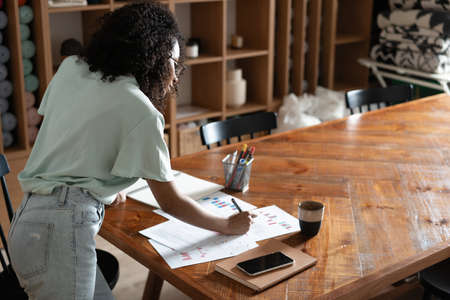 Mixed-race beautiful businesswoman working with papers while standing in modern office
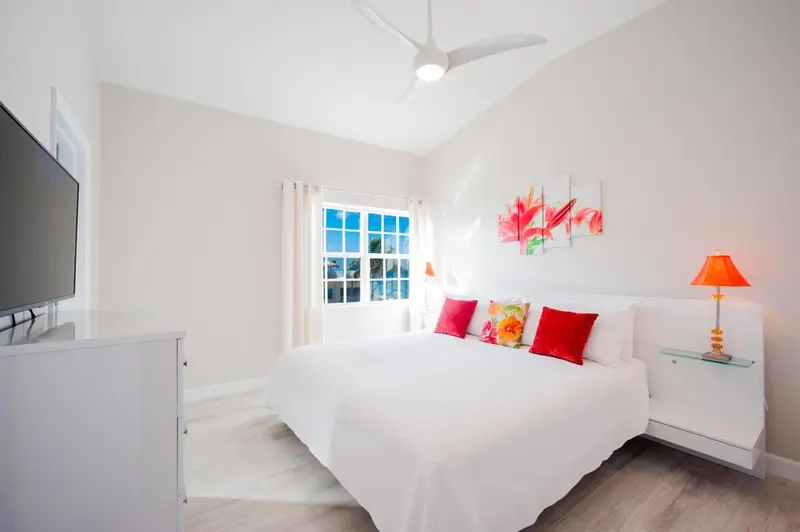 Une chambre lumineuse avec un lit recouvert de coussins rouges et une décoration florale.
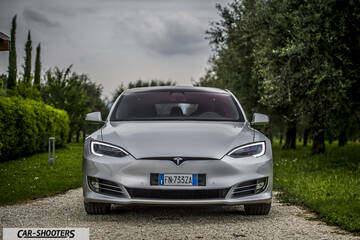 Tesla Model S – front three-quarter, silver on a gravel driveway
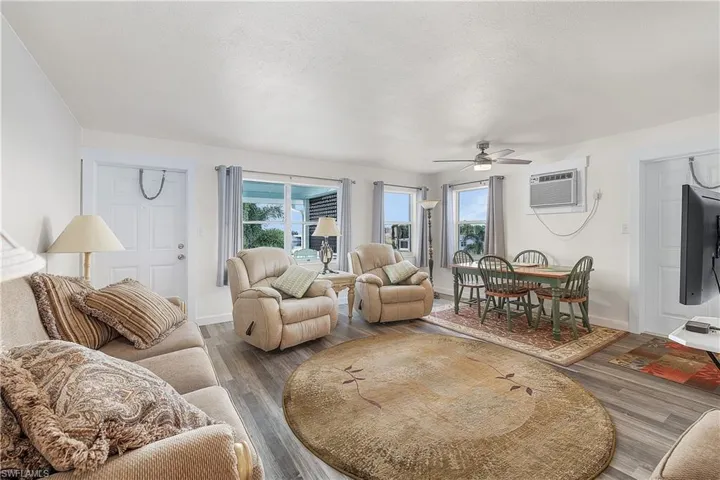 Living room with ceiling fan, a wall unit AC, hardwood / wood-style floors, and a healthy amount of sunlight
--
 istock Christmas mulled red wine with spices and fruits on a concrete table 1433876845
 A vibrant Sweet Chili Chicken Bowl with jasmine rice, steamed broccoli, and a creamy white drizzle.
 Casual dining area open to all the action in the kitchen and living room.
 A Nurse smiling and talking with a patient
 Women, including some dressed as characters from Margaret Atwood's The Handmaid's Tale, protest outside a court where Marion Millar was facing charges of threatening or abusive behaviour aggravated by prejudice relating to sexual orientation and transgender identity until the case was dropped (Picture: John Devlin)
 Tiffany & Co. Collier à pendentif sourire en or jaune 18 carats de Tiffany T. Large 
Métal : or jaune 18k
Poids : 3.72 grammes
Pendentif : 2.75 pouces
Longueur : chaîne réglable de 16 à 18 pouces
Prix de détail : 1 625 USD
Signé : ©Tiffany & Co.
==
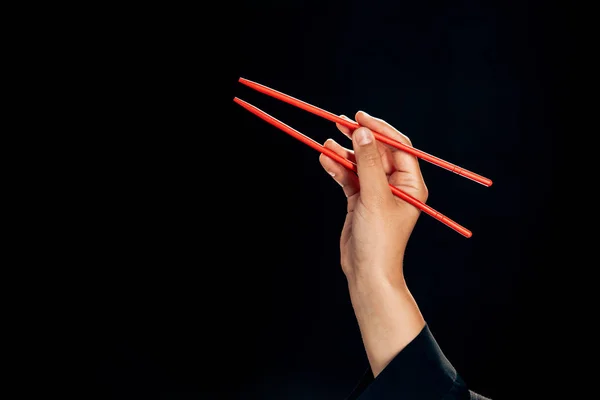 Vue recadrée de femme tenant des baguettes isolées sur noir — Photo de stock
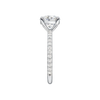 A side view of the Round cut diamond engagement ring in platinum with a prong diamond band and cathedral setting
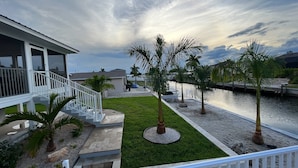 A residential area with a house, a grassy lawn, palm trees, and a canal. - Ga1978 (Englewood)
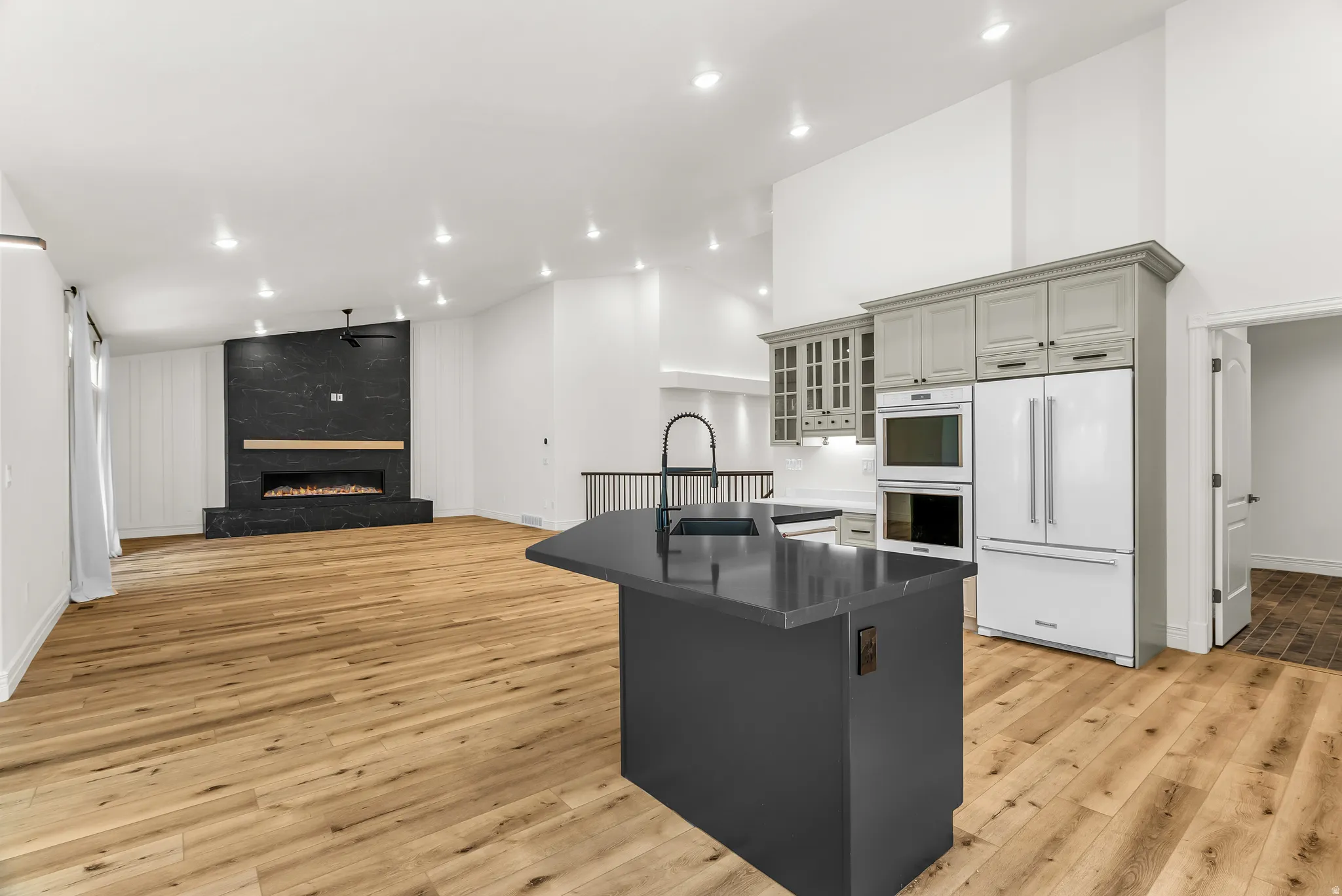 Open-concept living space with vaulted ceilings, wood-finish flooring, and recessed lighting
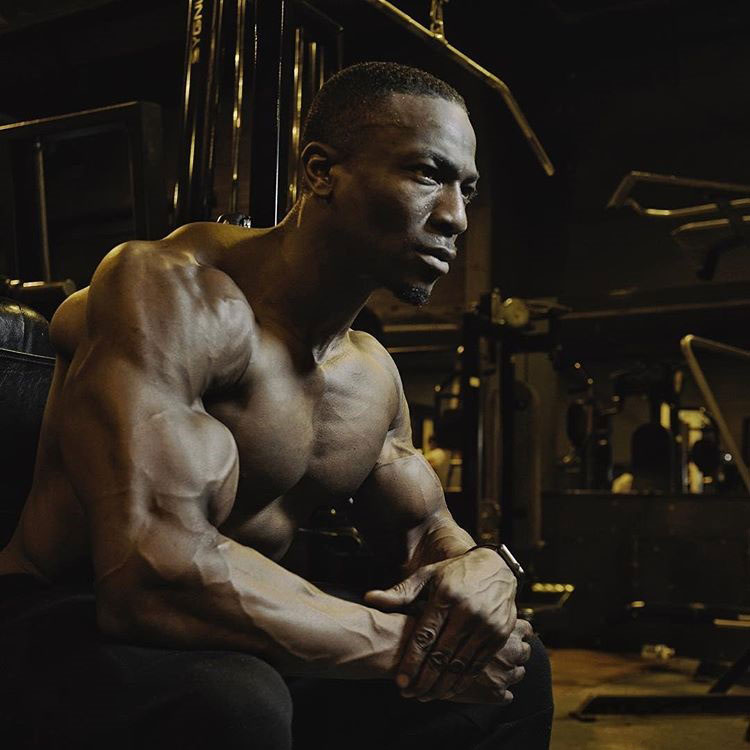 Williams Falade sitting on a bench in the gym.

● Work instruction: Using the entries above, return exactly the lines from the line with "Tiffany & Co. Collier" to the line with "Signé : ©Tiffany & Co.", counting both of those lines.

● Response to this task:
 Tiffany & Co. Collier à pendentif sourire en or jaune 18 carats de Tiffany T. Large 
Métal : or jaune 18k
Poids : 3.72 grammes
Pendentif : 2.75 pouces
Longueur : chaîne réglable de 16 à 18 pouces
Prix de détail : 1 625 USD
Signé : ©Tiffany & Co.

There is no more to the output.